To use this, we need an inverter though, as something has to convert the DC power into AC.
In my house, I have 3 phase power, and an antique metering system.
3 Phase is good, as i have sufficient power for my needs, but its bad as I need a more advanced inverter to give me 3 phase.
I could use 3 x single phase inverters, but for simplicity, I’ll be going with a single 3 phase inverter.
If you see the cabling here – you’ll see we have 3 phases + 1 neutral = 4 cables.
To work out what sort of inverter I can use, I need to do some basic math.
I’ll have 30 Panels total.
Each panel gives out 36V @ 8A., and that will give me approximately 9KW output. As the smallest *decent* 3 phase inverters I could find are 10KW ones, thats a good size.
I have a choice of running the panels in series or in parallel.
If I run them in series, then the Voltage increases.

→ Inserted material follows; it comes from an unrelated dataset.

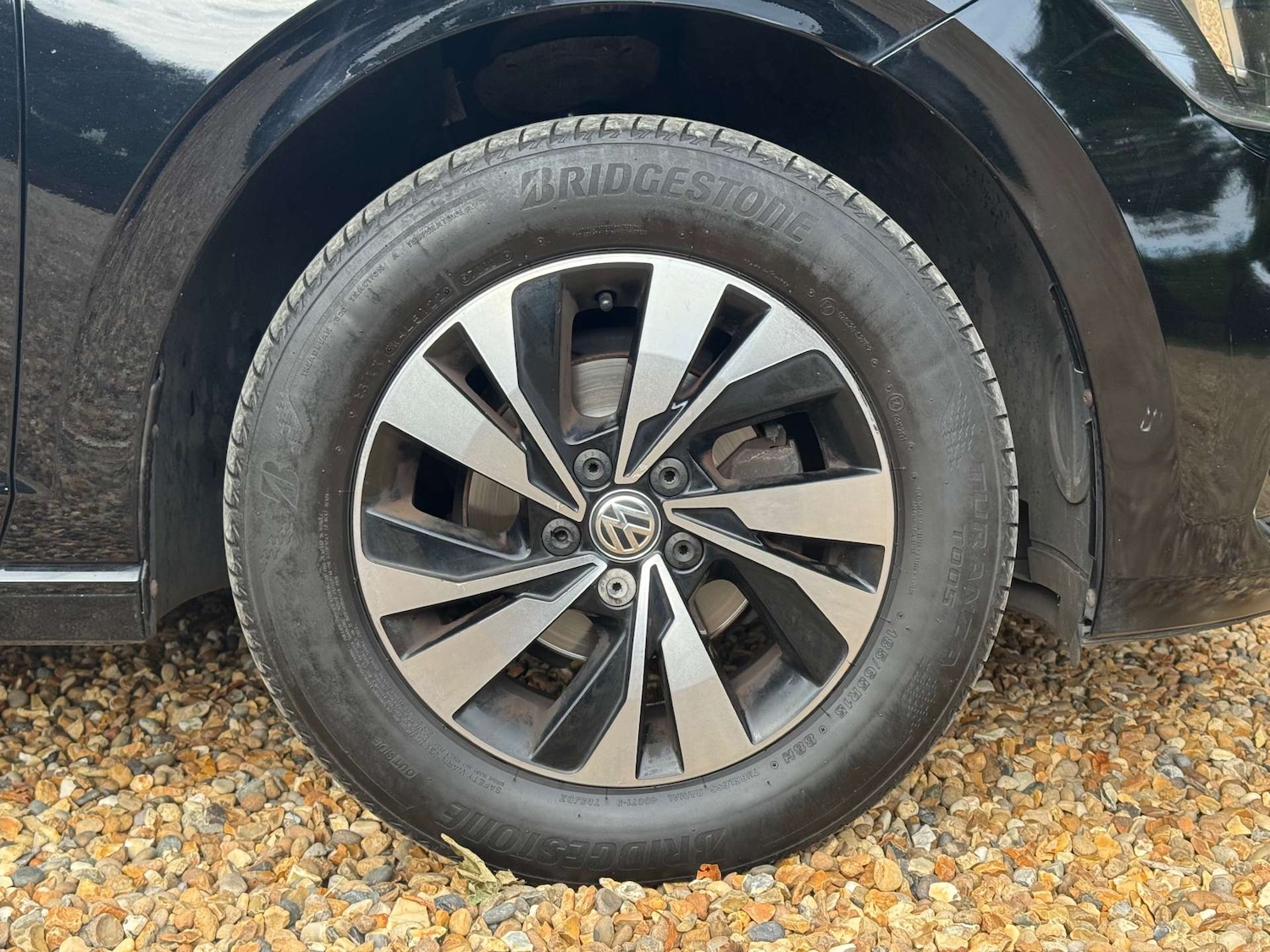 Used Volkswagen Polo 2019 for sale - 76077975: Photo 25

Eg 1 panel = 37v, 2 panels = 74v @ 8A…
If I run them in parallel, then the Ampage increases.
Eg 1 panel = 8A, 2 panels = 16A @ 37v
If you’ve ever seen welding cables or car battery cables, you’ll see what sort of cabling is required for high Amps. So, everyone wires using DC voltage.

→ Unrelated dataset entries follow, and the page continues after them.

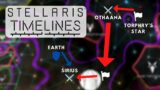 Stellaris Timelines – The Harappan War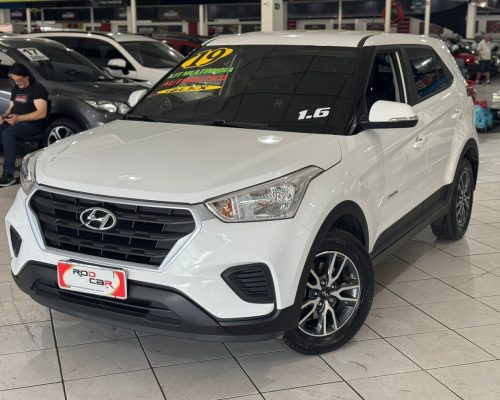 334624-hyundai-creta-20241007153254802870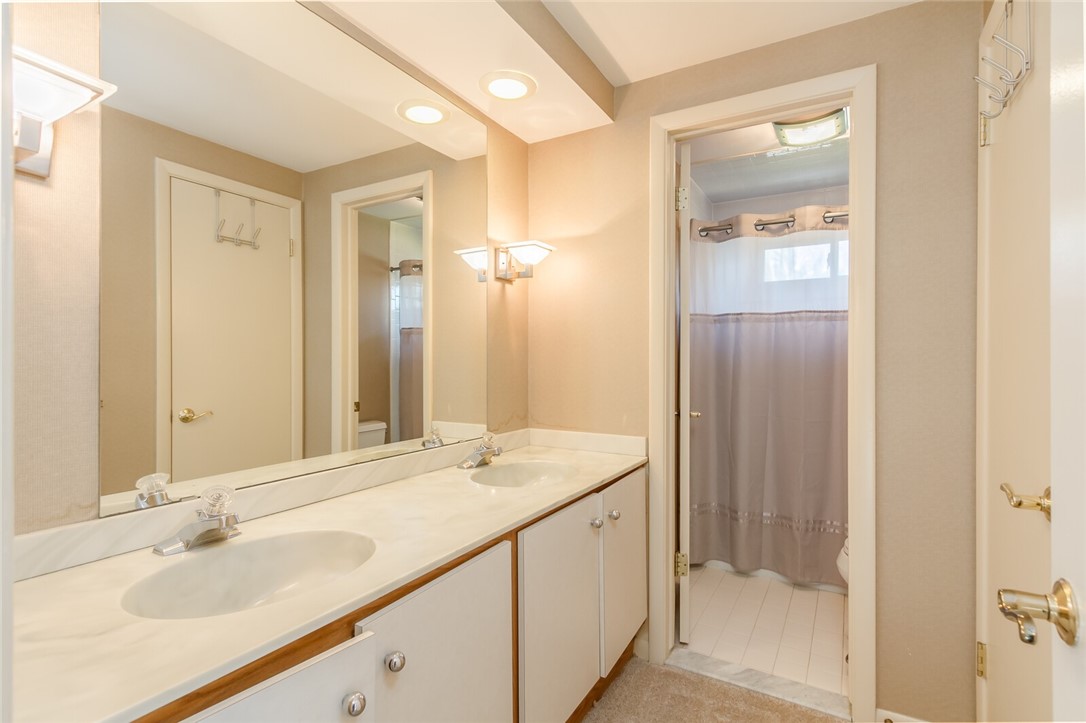 37 Greylock Ridge Pittsford, NY 14534 - Photo 21 of 27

My inverter of choice is probably going to be this: Growatt10000UE
That 3 phase inverter has the following characteristics.
It will power up from 300V (min voltage to run), and accepts voltage up to 1000V.
It also has 4 inputs for panels.
Generally each input is called a “string”.
As I’ll have 30 panels, I’ll probably be balancing them out in 2 x 15 piece strings -> the inverter.
Each string will work like this
37V * 15 = 564V DC * 8A (4.54KW of power)
37V * 15 = 564V DC * 8A (4.54KW of power)
This will give me a rough total of 9W peak power.
As conversions are never perfect, and panels can output more during peak than they are rated for, I’m getting a 10KW inverter. This will allow for some small headroom in future if I need to expand slightly.
It also is fine for something I haven’t talked about yet – open circuit. The panels I’m looking at run at 36v open circuit (i.e. before they kick in), the inverter also needs to be able to work without issue at open circuit voltages. As the inverter supports 1000v, open circuit of 564v isn’t an issue.
So far, costs are:
30 Panels = 720RMB / poly panel = 21,600 (mono panels are about 900-1000 per piece). Poly panels are physically 1.9M x 1M @ 300w / 28KG , Mono 1.9M x 1M @ 300W / 25kg
10KW 3 Phase inverter = 9,000RMB
Weight = 1000KG with packing.
Shipping + clearance – roughly 15,000 + duties @ 20%
Total landed in Cape Town = 45,000RMB / R60,000
That gives me a rough pricing of R6.6 a watt *installed*.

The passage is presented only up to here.